Инсайдеры утверждали, что этого добились Шостакович и Гилельс, поддержанные влиятельными чиновниками из партийного аппарата. Но среди публики закрепилась легенда, что решающим оказалось мнение участвовавшего в работе жюри (наряду с Нейгаузом) Рихтера – ведь он поставил Клиберну двадцать пять баллов из возможных десяти!

На следующем конкурсе имени Чайковского, в 1962 году, Рихтера в состав жюри уже не включили, а Гилельса вновь утвердили его председателем. Председателем он остался и в 1966 году. И тут разыгрался скандал, тяжело подействовавший на Гилельса. Победителем жюри признало не фаворита московских меломанов Мишу Дихтера, еще одного ученика Розины Левиной, а юного ленинградца Григория Соколова.

Дальнейшая творческая судьба Соколова подтвердила законность такого решения. Но в тот момент москвичи негодовали. Журналистка Надежда Кожевникова позднее объясняла: “У советских людей не было ни свободы слова, ни свободы демонстраций – у них был только конкурс Чайковского”. Свое возмущение властью публика вымещала на Гилельсе. Его оскорбляли на улице, кричали ему: “Позор!”, машину его обливали помоями…

* * *

Все это отражало изменения в общественной атмосфере Советского Союза, затронувшие и лично Гилельса. В интеллигентской среде вошла в моду некоторая фронда по отношению к властям. В этой атмосфере любые проявления свободомыслия и творческой независимости встречали сочувственный отклик. И наоборот, репутация “любимца режима” могла навредить в глазах публики.
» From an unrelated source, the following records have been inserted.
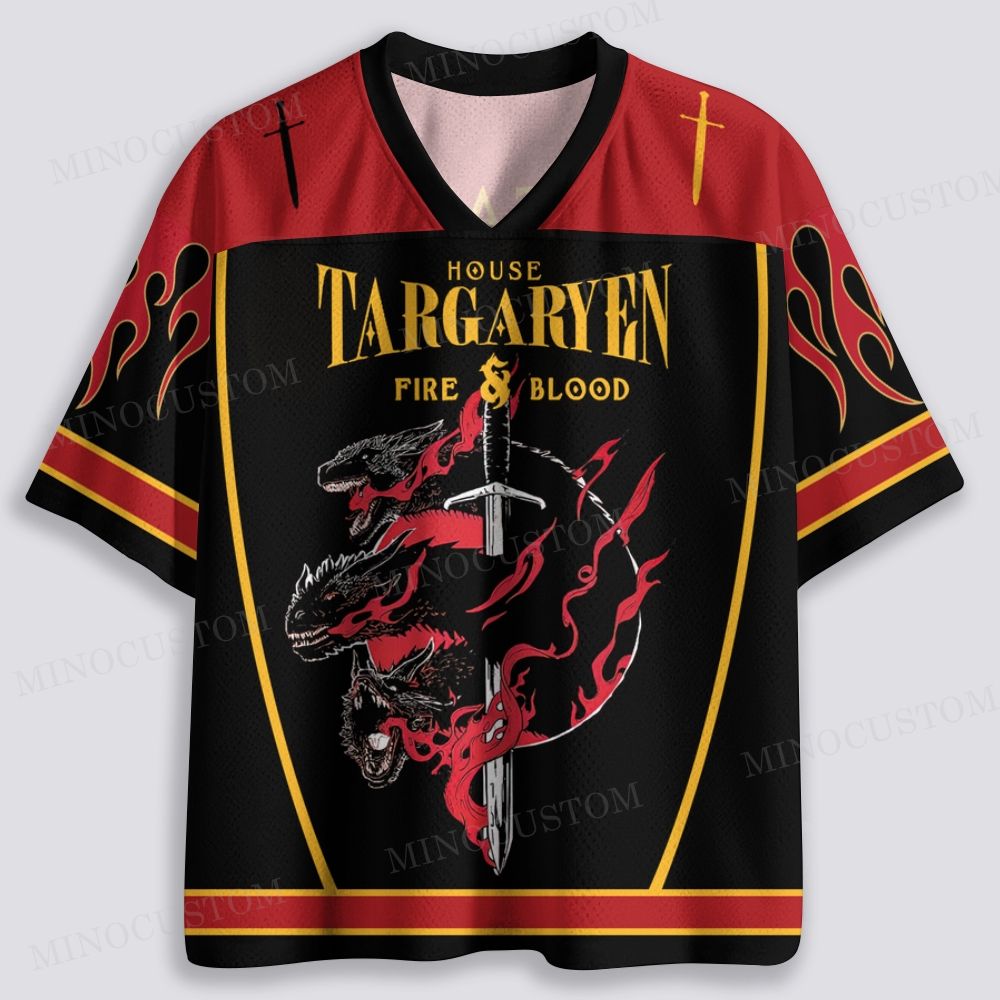 House Targaryen Fire & Blood Hockey Style Breathable Mesh Jersey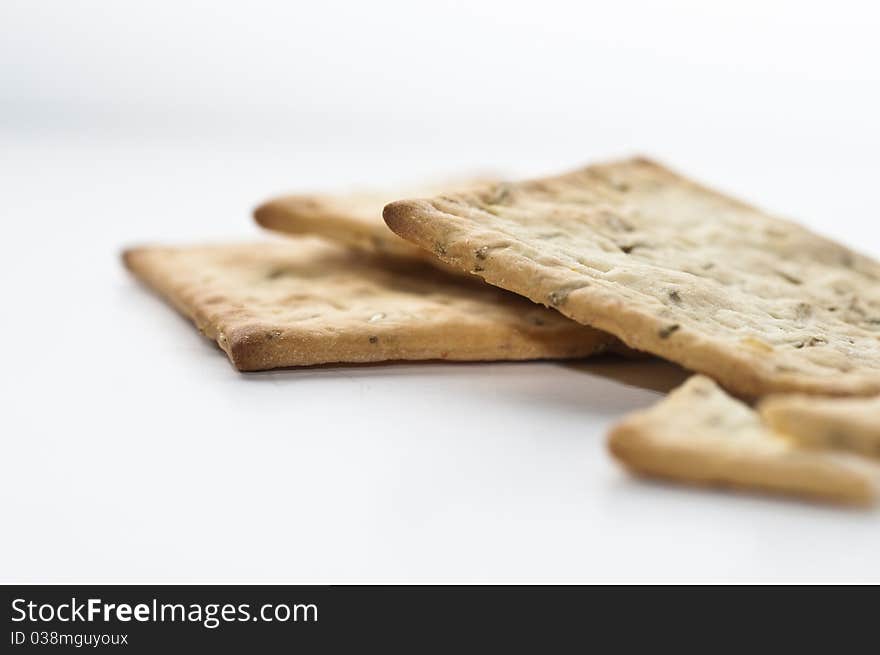 Shallow focus horizontal of three crackers. Shallow focus horizontal of three crackers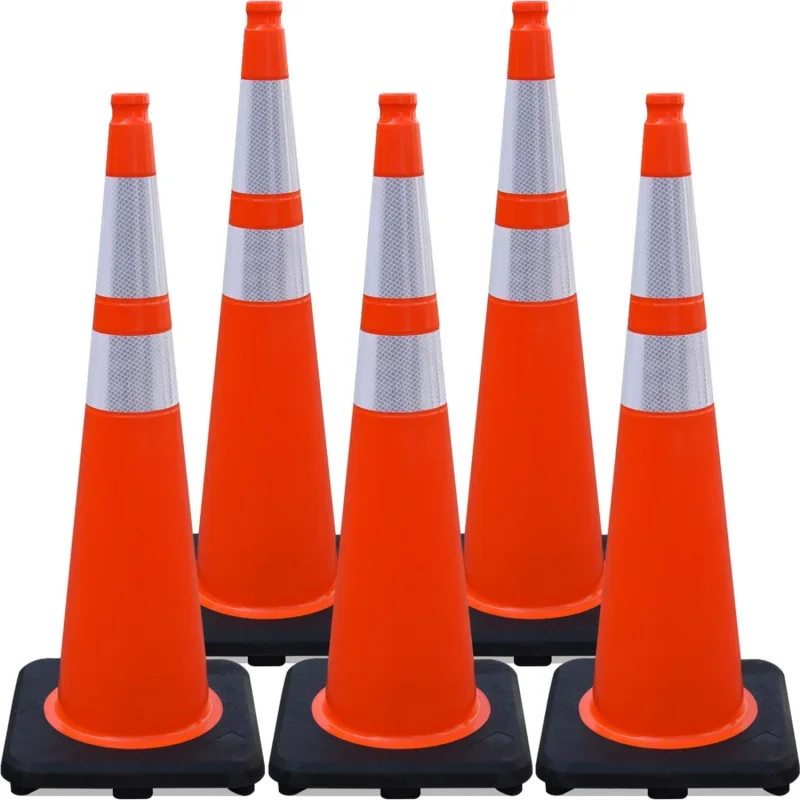 5 36” inch Large-Sized Orange PVC Traffic Cones, Heavy Black Base, Parking Lot Cone Structurally (36 Large Cones-5Pack)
Именно такая динамика сработала в негласном соревновании между Гилельсом и Рихтером. Получив после долгих и унизительных запретов разрешение выезжать в гастрольные поездки на Запад, Рихтер завоевал там огромный авторитет. Внутри страны Рихтер стал культовой фигурой – не только как великий пианист, но и как символ скрытой оппозиции властям. В отличие от Гилельса, он не вступил в Коммунистическую партию, не занимал никаких общественных постов, даже не преподавал в Московской консерватории, многолетним профессором которой являлся Гилельс. И никто не обращал внимания на тот факт, что когда дело доходило до высших государственных наград – Ленинской премии или звания Героя Социалистического Труда, – то Рихтеру они доставались раньше, чем Гилельсу, а в то время это считалось важным знаком.

Начиная с 1960-х, Рихтер царил в культурном ландшафте страны, а к Гилельсу, несмотря на внешнюю почтительность откликов в прессе, относились всё более сдержанно и холодно. Несправедливость этого ощутил даже Нейгауз. После многих лет взаимного отчуждения он внезапно отправил Гилельсу эмоциональное письмо (от 11 января 1964 года): “Ты был настолько значительным событием в моей жизни, что поневоле думаю и вспоминаю о Тебе чуть ли не ежедневно. Попросту: я Тебя люблю и скучаю, когда месяцами или даже годами не вижу Тебя… Мне ведь, по-видимому, недолго осталось маяться в этой «юдоли», и поэтому так ужасно хочется мира и дружбы”.